The United States does not object to Armenia’s plans to step up economic cooperation with neighboring Iran following the lifting of international sanctions against Tehran, a senior U.S. diplomat confirmed on Thursday.
Leslie Tsou, a senior advisor on Iran at the U.S. State Department, described Armenia as a “very close friend and ally of the United States” that contributed to Iran’s recent nuclear deal with the West by complying with those sanctions.
“I want to thank Armenia and the Armenian people for the sacrifices that Armenia made to help enforce our sanctions regime,” she told RFE/RL’s Armenian service (Azatutyun.am) during a visit to Yerevan.
Tsou stressed that although the U.S. maintains other, bilateral sanctions imposed on the Islamic Republic, Armenia is free to “flourish with a new relationship with Iran.” “I don’t know of any reasons why your two countries can’t do direct business together,” she said.
“Where it becomes complicated is when a business in particular might touch on the United States,” Tsou went on. “I don’t think the Iranian businesses have an issue with that because they’ve been separated from us for some time.
“But there are many businesses that are multinational and that’s where I would urge any business that has ties to the United States one way or another to reach out to our Treasury Department and its Office of Foreign Assets Control to check whether whatever it is that they are thinking about doing is legal.”

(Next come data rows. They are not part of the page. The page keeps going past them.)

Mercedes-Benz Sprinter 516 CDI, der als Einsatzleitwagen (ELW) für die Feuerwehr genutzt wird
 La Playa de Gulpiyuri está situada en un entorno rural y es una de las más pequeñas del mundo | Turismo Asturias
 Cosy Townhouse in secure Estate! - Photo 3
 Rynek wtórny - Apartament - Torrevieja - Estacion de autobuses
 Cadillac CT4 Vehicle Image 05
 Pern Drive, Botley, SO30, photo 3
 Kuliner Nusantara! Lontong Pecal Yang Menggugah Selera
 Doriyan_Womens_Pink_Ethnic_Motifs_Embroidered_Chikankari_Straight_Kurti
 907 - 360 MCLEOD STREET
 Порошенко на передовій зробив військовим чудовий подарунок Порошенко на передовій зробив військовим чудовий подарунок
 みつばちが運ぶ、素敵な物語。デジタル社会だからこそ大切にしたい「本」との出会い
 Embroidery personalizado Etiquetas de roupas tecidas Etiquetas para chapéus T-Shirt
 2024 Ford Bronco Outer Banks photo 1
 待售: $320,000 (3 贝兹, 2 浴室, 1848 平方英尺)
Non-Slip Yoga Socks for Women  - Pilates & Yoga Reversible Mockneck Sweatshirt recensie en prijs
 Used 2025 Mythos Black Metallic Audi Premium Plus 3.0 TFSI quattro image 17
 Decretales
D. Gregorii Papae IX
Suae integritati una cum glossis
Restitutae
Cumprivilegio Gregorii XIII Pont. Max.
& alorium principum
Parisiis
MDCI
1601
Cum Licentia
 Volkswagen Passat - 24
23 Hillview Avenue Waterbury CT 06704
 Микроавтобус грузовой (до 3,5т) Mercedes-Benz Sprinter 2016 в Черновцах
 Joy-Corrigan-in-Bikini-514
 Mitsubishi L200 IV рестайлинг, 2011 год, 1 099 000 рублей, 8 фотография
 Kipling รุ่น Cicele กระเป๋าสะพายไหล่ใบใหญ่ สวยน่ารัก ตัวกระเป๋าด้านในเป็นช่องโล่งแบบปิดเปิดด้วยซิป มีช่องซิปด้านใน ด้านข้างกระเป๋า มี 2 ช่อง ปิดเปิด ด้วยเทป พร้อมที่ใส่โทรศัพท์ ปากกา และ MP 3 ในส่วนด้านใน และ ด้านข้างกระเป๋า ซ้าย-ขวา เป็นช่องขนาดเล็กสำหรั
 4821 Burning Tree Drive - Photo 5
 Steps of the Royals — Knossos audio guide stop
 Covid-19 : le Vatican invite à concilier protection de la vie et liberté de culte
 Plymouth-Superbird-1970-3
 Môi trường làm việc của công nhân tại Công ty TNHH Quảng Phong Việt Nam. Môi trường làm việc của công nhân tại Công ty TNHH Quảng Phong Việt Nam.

Armenia was quick to welcome the July 2015 agreement on Iran’s controversial nuclear program and the resulting sanctions relief. Senior Armenian officials have repeatedly said the landmark deal will speed up the implementation of Armenian-Iranian energy projects regarded as strategically important by Yerevan. Iranian President Hassan Rouhani is expected to visit Armenia by the end of this year.
“It is natural for Armenia to start thinking about the impact that the lifting of sanctions might have on its political and economic ties with Iran,” Richard Mills, the U.S. ambassador in Yerevan, said in February. Armenia might even become a “platform” for U.S.-Iranian commercial relations in the future, he said.
Tsou noted that while a full normalization of U.S.-Iranian relations is still not on the horizon, tensions between Washington and Tehran have eased in recent years.
“We’re worried about their continuing support for terrorism and their human rights record,” she said. “But there are increasingly areas of cooperation in the Middle East where our interests overlap. We would like to explore those.”